Description of the task: Could you copy the records below exactly, keeping none of the images?

***** Dataset records

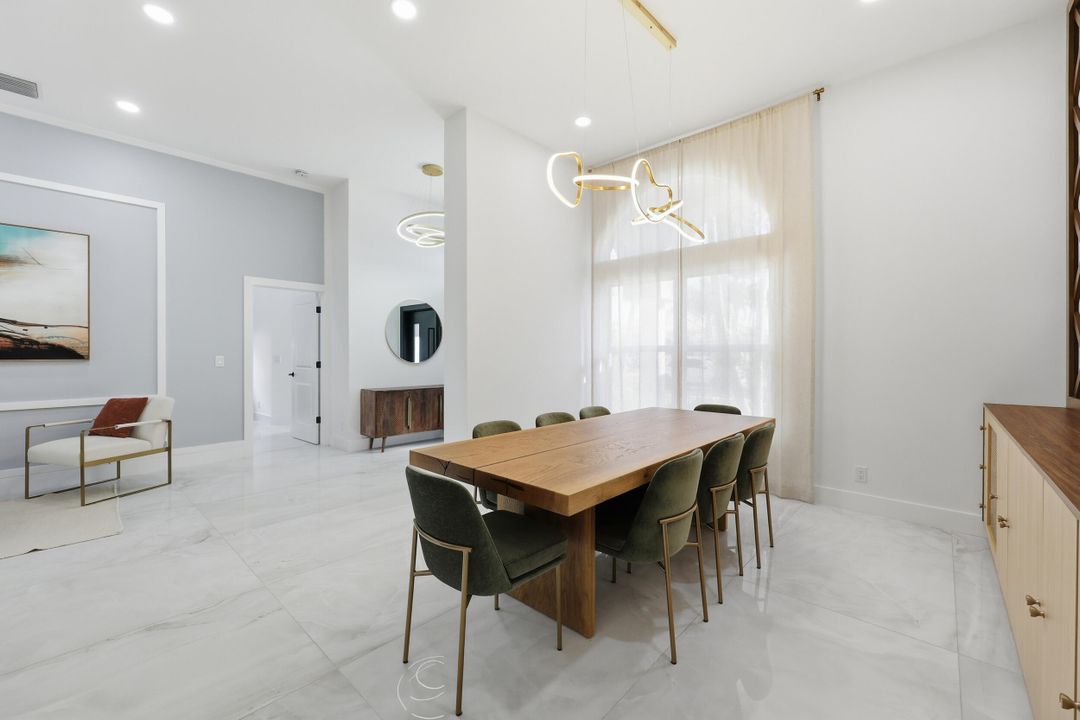 待售: $1,175,000 (4 贝兹, 3 浴室, 2572 平方英尺)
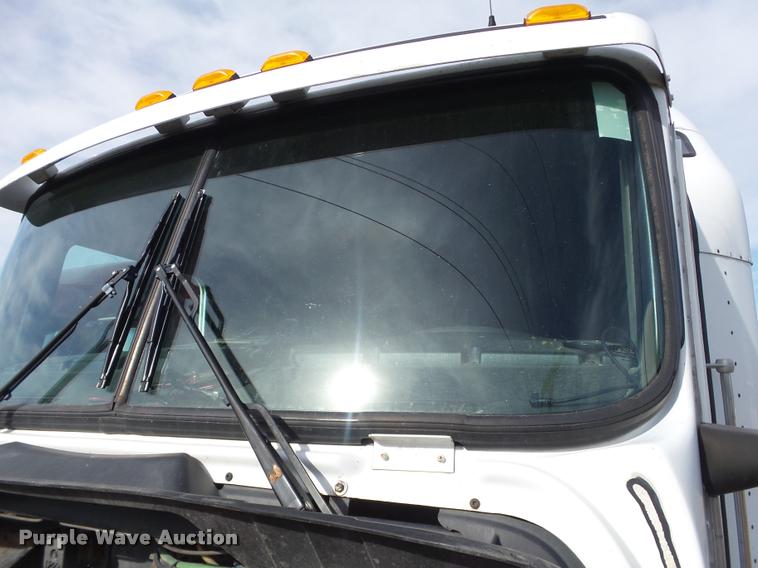 image for item J2644 2005 Kenworth T600 semi truck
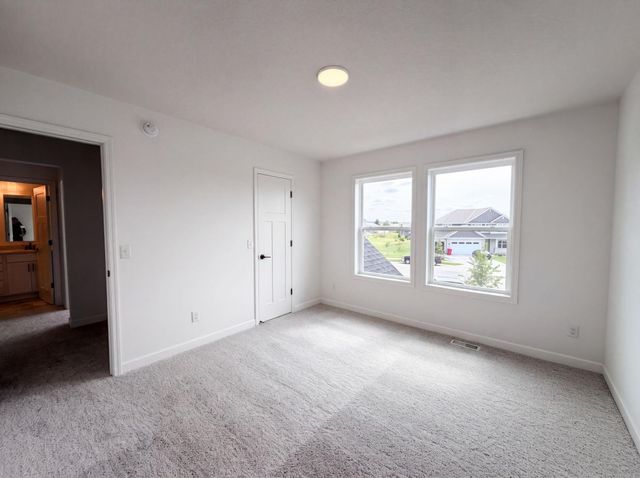 843 Londonderry Lane NW, Rochester, MN 55901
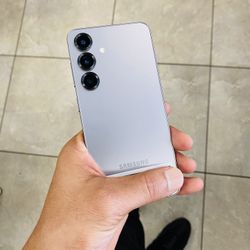 Samsung Galaxy S25 Spectrum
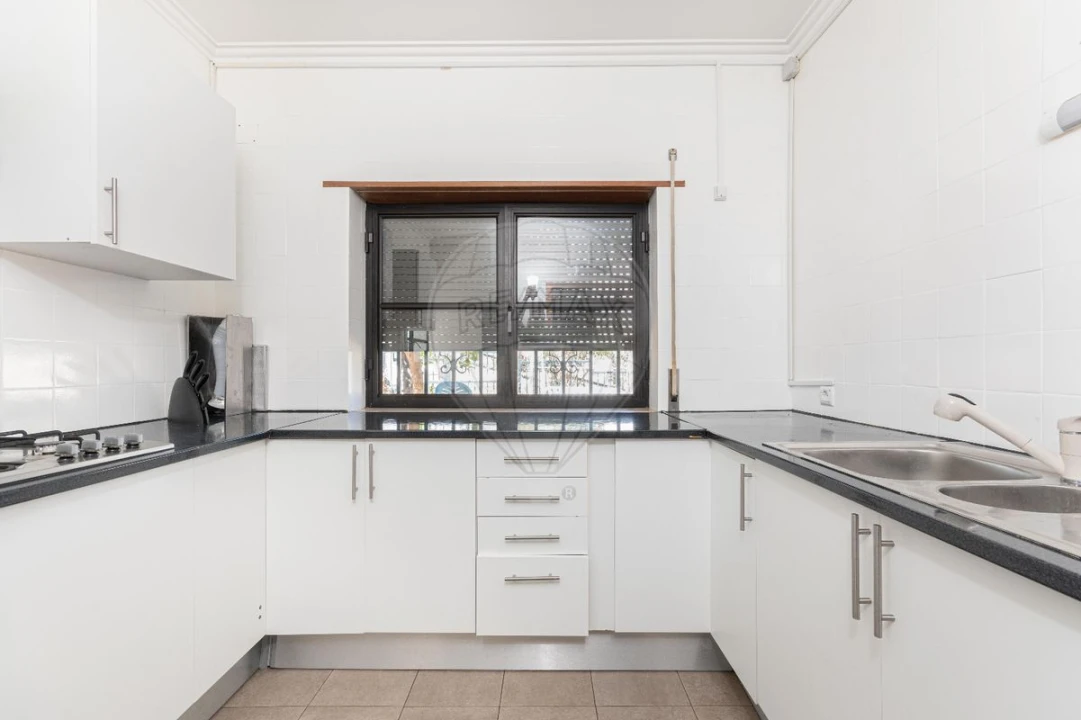 Moradia T8 para Venda em Vila Franca de Xira Foto 41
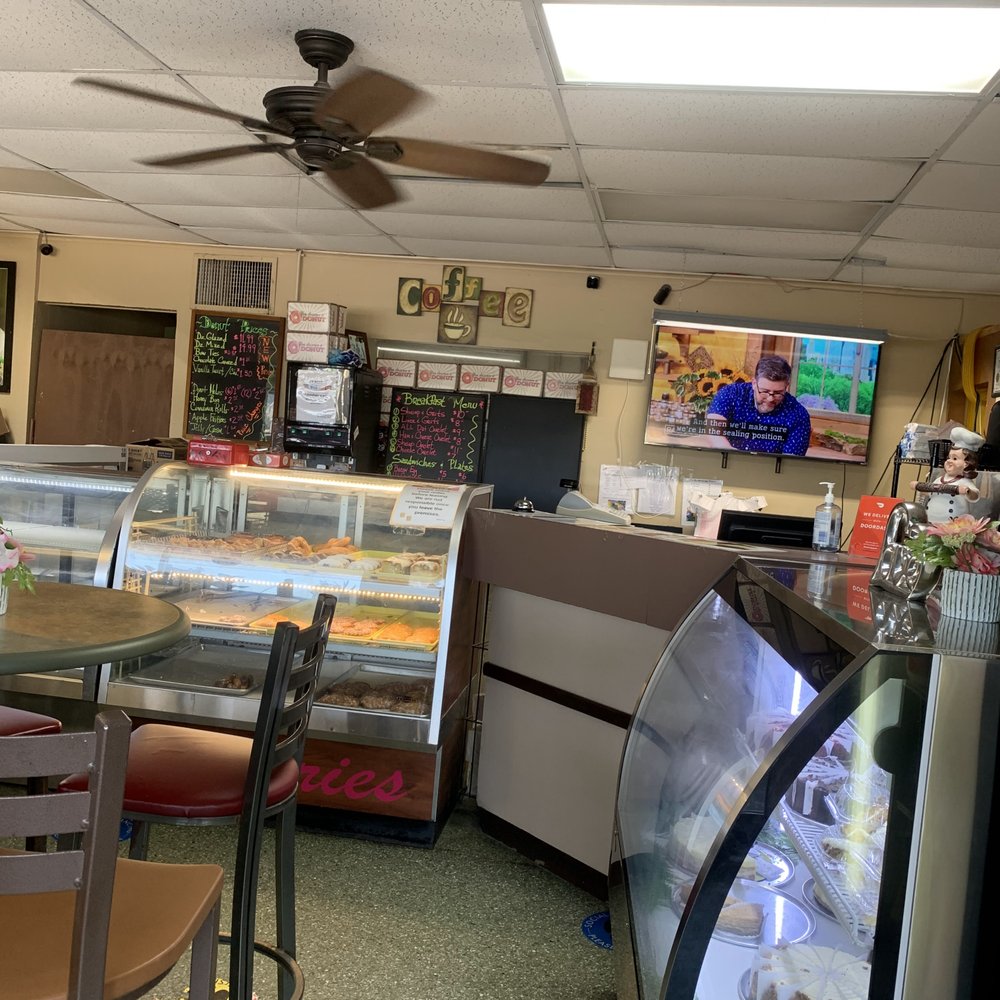 Mr B's Bakery - Inside - Donuts Near Me - New Orleans, Louisiana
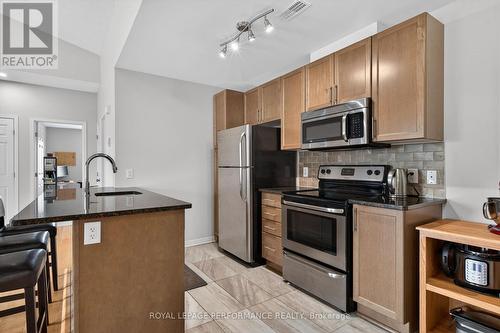 104 Sternes Private, Ottawa, ON - Indoor Photo Showing Kitchen With Stainless Steel Kitchen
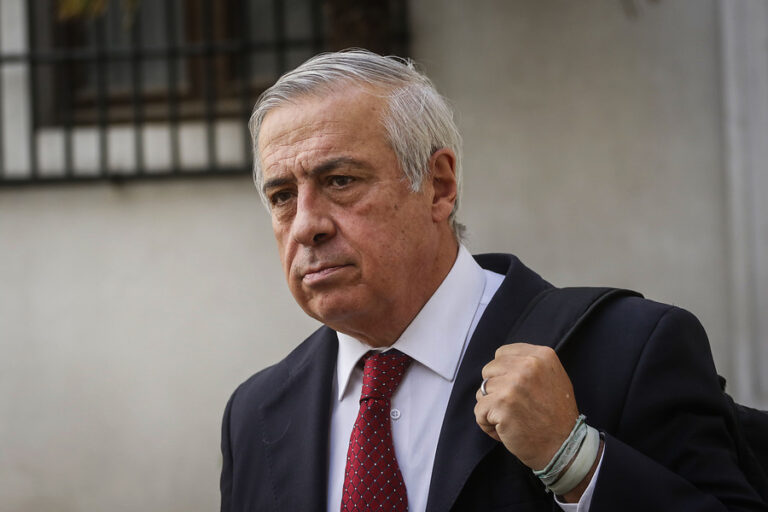Mañalich tras petición de renuncia contra Araos:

**********

Problem solution:
 待售: $1,175,000 (4 贝兹, 3 浴室, 2572 平方英尺)
 image for item J2644 2005 Kenworth T600 semi truck
 843 Londonderry Lane NW, Rochester, MN 55901
 Samsung Galaxy S25 Spectrum
 Moradia T8 para Venda em Vila Franca de Xira Foto 41
 Mr B's Bakery - Inside - Donuts Near Me - New Orleans, Louisiana
 104 Sternes Private, Ottawa, ON - Indoor Photo Showing Kitchen With Stainless Steel Kitchen
Mañalich tras petición de renuncia contra Araos:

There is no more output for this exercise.